Data extracted from a collection
•••••

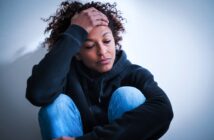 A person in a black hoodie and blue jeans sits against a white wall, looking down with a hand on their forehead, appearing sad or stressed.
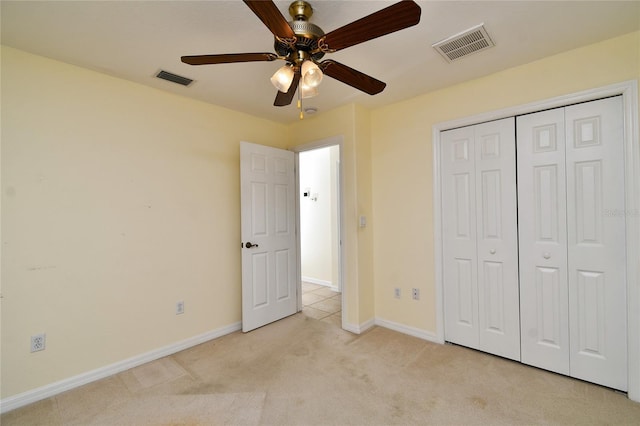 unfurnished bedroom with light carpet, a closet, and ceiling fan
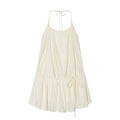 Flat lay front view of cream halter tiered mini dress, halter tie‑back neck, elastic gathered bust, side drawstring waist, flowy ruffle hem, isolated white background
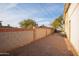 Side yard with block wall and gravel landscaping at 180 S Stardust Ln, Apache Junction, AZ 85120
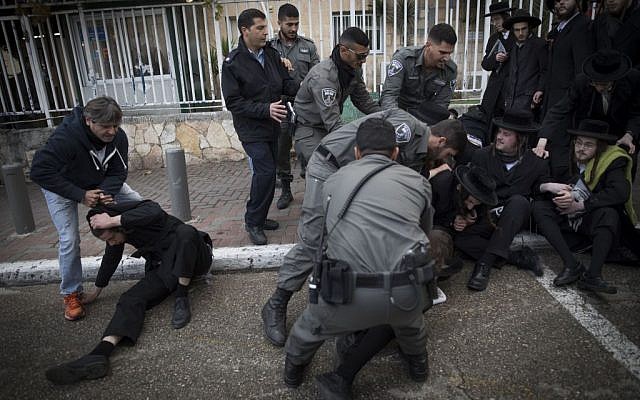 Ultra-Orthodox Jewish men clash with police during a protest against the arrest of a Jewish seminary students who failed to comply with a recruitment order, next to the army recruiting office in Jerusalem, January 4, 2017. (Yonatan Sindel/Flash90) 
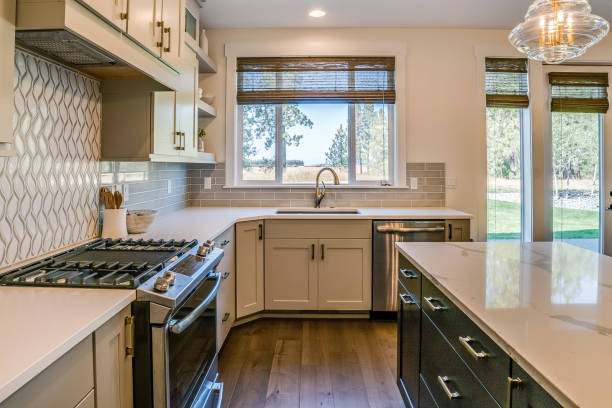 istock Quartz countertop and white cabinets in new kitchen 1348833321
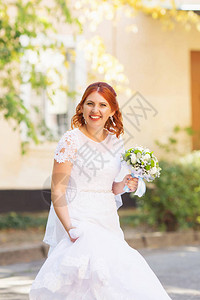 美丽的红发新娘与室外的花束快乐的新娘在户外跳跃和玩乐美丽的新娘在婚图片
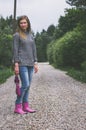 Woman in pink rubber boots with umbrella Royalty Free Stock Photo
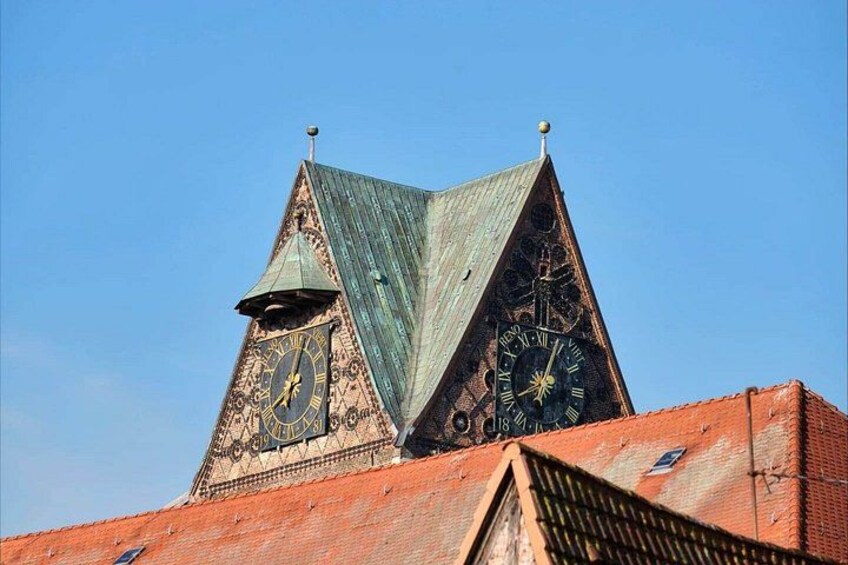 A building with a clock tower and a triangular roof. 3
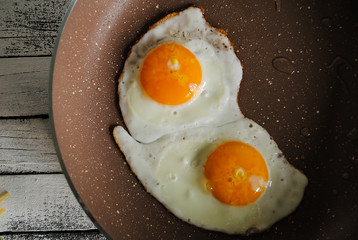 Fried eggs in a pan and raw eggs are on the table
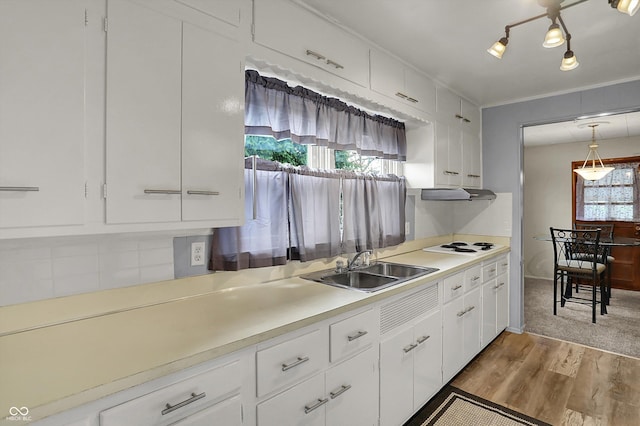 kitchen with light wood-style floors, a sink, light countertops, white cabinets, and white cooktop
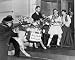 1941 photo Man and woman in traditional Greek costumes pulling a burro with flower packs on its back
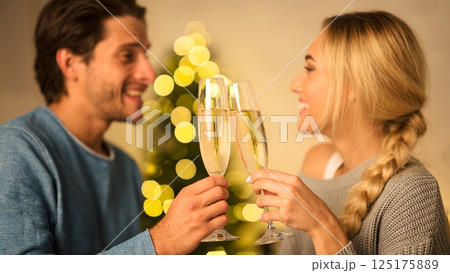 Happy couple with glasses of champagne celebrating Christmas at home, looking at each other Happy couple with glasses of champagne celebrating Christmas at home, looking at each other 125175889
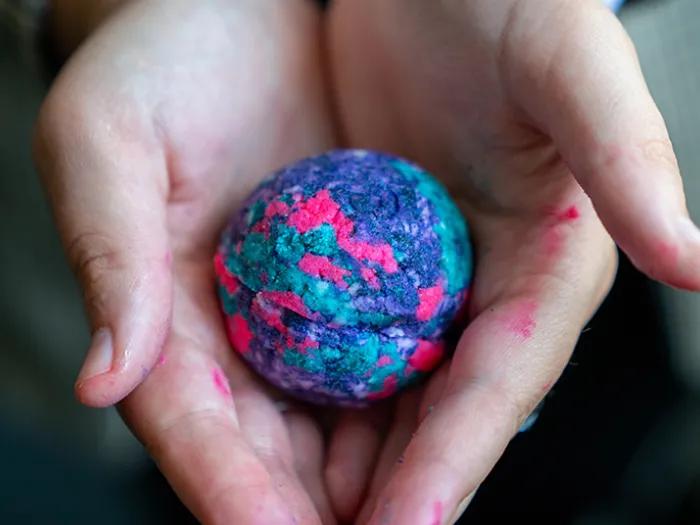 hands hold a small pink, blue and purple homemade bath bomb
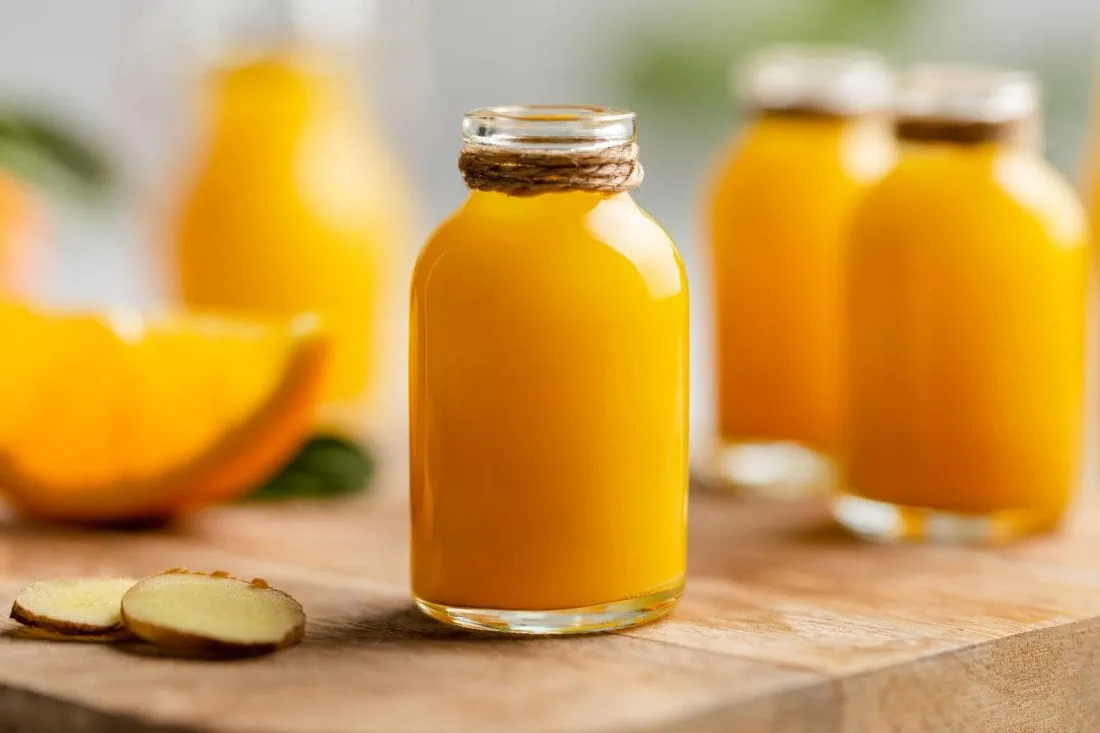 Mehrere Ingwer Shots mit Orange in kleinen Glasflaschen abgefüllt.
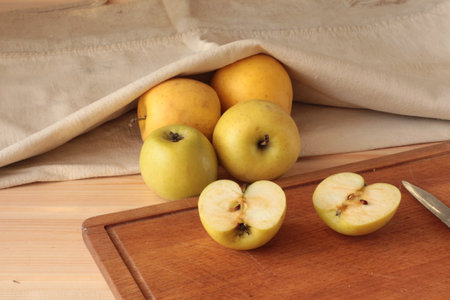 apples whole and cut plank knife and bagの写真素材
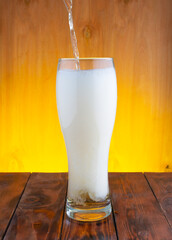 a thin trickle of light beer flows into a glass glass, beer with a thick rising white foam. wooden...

•••••

The answer is the lines above from the one with "kitchen with light" to the one with "each other 125175889", set down exactly, with no pictures.

● **Answer for this exercise**
 kitchen with light wood-style floors, a sink, light countertops, white cabinets, and white cooktop
 1941 photo Man and woman in traditional Greek costumes pulling a burro with flower packs on its back
 Happy couple with glasses of champagne celebrating Christmas at home, looking at each other Happy couple with glasses of champagne celebrating Christmas at home, looking at each other 125175889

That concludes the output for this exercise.